# 2013 buck critique



## jeier5 (Dec 17, 2013)

With it being so cold these are the only pictures I got. Both are four weeks old and from the same flush. Also both will be for sale after I show them some this summer along with their other flush mates.


----------



## Flstcbob (Aug 13, 2013)

Ooh! I like him. What's he DOB? 

I'm no expert, but he's a cutie and so thick throughout! :thumbup:


----------



## jeier5 (Dec 17, 2013)

The on on the left is December 5 and the one on the right is December 3.


----------



## nancy d (Oct 5, 2007)

Those are some nice stocky kids!


----------



## toth boer goats (Jul 20, 2008)

They look really good for 1 month olds. with a lot of muscling to boot. 
It is hard to critique with the pics, don't know how their necks really blend in and if their necks are longer than they appear in the pics.
Body length not sure from pics, but they look good.
What I can see for sure is strong legs, great topline, muscling, good bone, nice bum, LOL

They look like good bucklings and will be nice.


----------



## clementegal (May 23, 2013)

Goodness!
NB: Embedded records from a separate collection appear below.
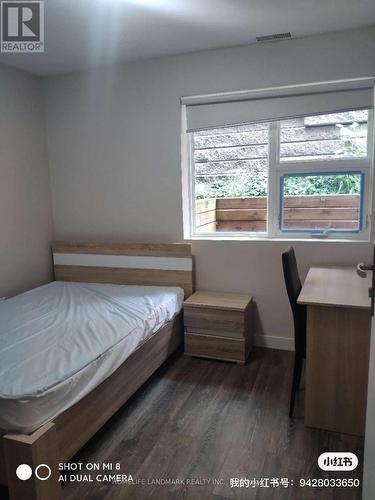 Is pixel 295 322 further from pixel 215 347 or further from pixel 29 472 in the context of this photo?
pixel 29 472

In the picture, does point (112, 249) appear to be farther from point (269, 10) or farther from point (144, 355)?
point (269, 10)

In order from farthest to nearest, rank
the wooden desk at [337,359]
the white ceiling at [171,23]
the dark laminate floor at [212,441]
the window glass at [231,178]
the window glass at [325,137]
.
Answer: the window glass at [231,178], the window glass at [325,137], the white ceiling at [171,23], the wooden desk at [337,359], the dark laminate floor at [212,441]

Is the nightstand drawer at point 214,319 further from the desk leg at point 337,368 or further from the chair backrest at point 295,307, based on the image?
the desk leg at point 337,368

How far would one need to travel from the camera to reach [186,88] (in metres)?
3.18

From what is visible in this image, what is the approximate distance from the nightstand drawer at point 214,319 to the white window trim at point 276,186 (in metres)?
0.70

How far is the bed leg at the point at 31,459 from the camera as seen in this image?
4.87 feet

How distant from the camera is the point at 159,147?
11.0 feet

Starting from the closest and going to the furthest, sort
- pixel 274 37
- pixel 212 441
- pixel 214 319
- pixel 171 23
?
pixel 212 441 → pixel 171 23 → pixel 274 37 → pixel 214 319

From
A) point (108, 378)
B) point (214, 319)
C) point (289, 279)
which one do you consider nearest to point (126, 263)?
point (214, 319)

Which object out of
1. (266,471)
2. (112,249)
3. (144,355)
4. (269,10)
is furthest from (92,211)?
(266,471)

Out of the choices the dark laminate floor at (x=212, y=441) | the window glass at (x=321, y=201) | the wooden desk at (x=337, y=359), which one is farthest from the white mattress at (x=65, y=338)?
the window glass at (x=321, y=201)

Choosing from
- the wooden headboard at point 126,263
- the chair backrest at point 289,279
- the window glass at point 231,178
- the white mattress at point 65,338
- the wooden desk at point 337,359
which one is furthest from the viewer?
the wooden headboard at point 126,263

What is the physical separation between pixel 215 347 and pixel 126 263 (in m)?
1.19

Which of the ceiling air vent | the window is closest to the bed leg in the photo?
the window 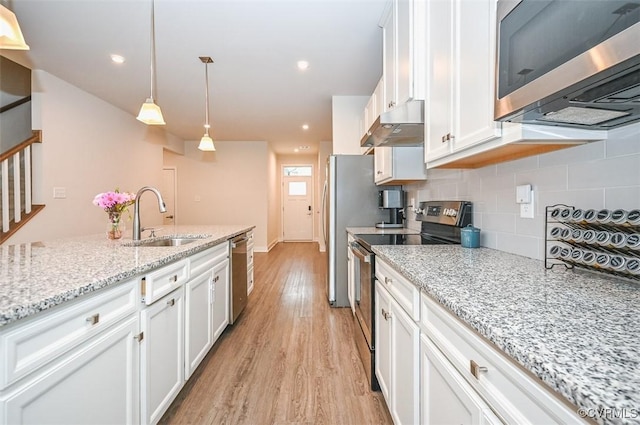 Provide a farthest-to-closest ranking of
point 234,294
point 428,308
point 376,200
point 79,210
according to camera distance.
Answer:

Those boys are tanks! I can't really critique but I like them both


----------



## Scottyhorse (Feb 11, 2013)

I agree with Pam. They are looking really nice


----------



## dallaskdixie (Jan 3, 2014)

They both look really good! Very stocky. I really like the one on the right, congratulations, very nice.


----------



## kenzie (Sep 22, 2013)

They both look really nice looks like they have good muscle on them both


----------



## ArborGoats (Jan 24, 2013)

Okay, to sound fairly ridiculous.... what are flush mates? :hammer:


----------



## jeier5 (Dec 17, 2013)

It is where a good donor doe is super ovulated and then bred. They then take the eggs and put them in recipient does to be born. Which is a flush and those two have the same parents but were born from different moms.


----------